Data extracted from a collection
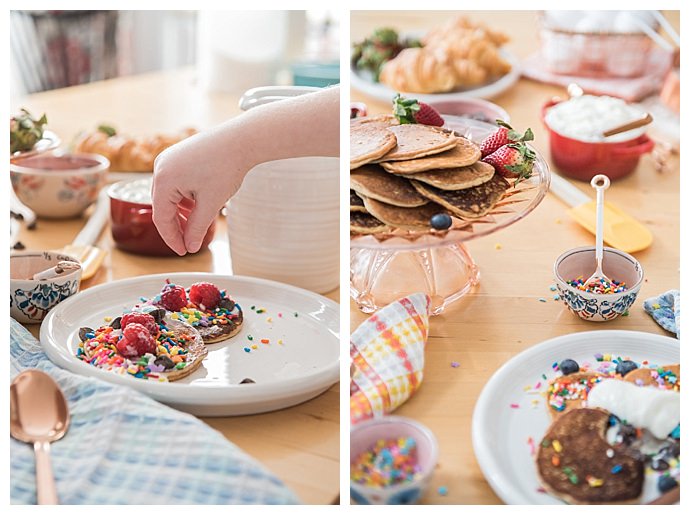 fun-mothers-day-pancake-brunch-gerber-and-scarpelli-photography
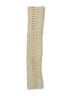 Unbranded Ivory Tan Scarf One size - photo 2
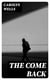 The Come Back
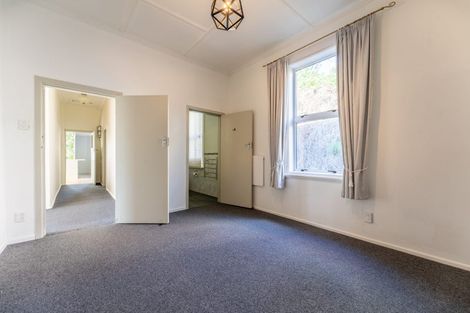 Photo of property in 27 Douglas Terrace, Oamaru, 9400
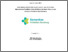 [thumbnail of Cover LTA.pdf]
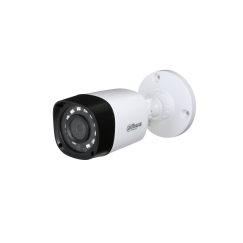 Dahua DH-HAC-HFW1400RP-0280B-S2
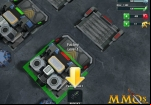 galaxy-control-factory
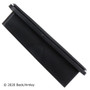 Beck/Arnley Engine Air Filter P/N:042-1721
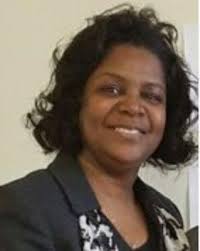 Elizabeth Davis Obituary (1964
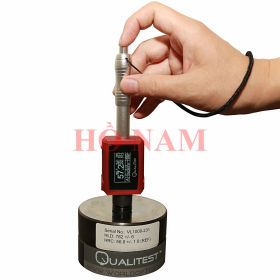 MÁY ĐO ĐỘ CỨNG BẰNG SIÊU ÂM_result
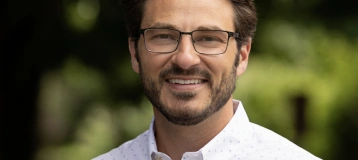 Wagner Family Dentistry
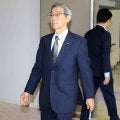 【ヤクルト】成田裕オーナー「監督ですか、それはやっぱり厳しいでしょう」両リーグ最速50敗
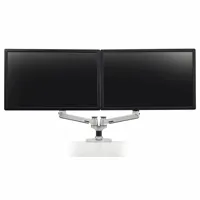 screen-table-support-ergotron-erg45245026-silver-27-s55021419-bbs55021419.jpg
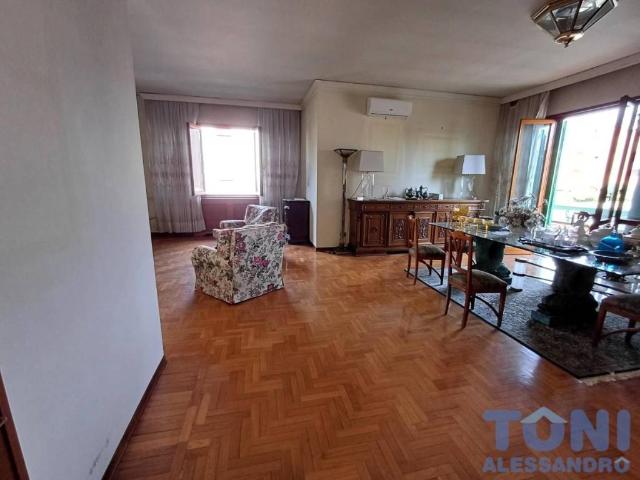 Villa Indipendente in vendita a Unione dei Comuni Circondario dell'Empolese Valdelsa, Empoli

[About this task]:
An exact copy of every line above, minus the pictures, is the required output.

[Task answer]:
 fun-mothers-day-pancake-brunch-gerber-and-scarpelli-photography
 Unbranded Ivory Tan Scarf One size - photo 2
 The Come Back
 Photo of property in 27 Douglas Terrace, Oamaru, 9400
 [thumbnail of Cover LTA.pdf]
 Dahua DH-HAC-HFW1400RP-0280B-S2
 galaxy-control-factory
 Beck/Arnley Engine Air Filter P/N:042-1721
 Elizabeth Davis Obituary (1964
 MÁY ĐO ĐỘ CỨNG BẰNG SIÊU ÂM_result
 Wagner Family Dentistry
 【ヤクルト】成田裕オーナー「監督ですか、それはやっぱり厳しいでしょう」両リーグ最速50敗
 screen-table-support-ergotron-erg45245026-silver-27-s55021419-bbs55021419.jpg
 Villa Indipendente in vendita a Unione dei Comuni Circondario dell'Empolese Valdelsa, Empoli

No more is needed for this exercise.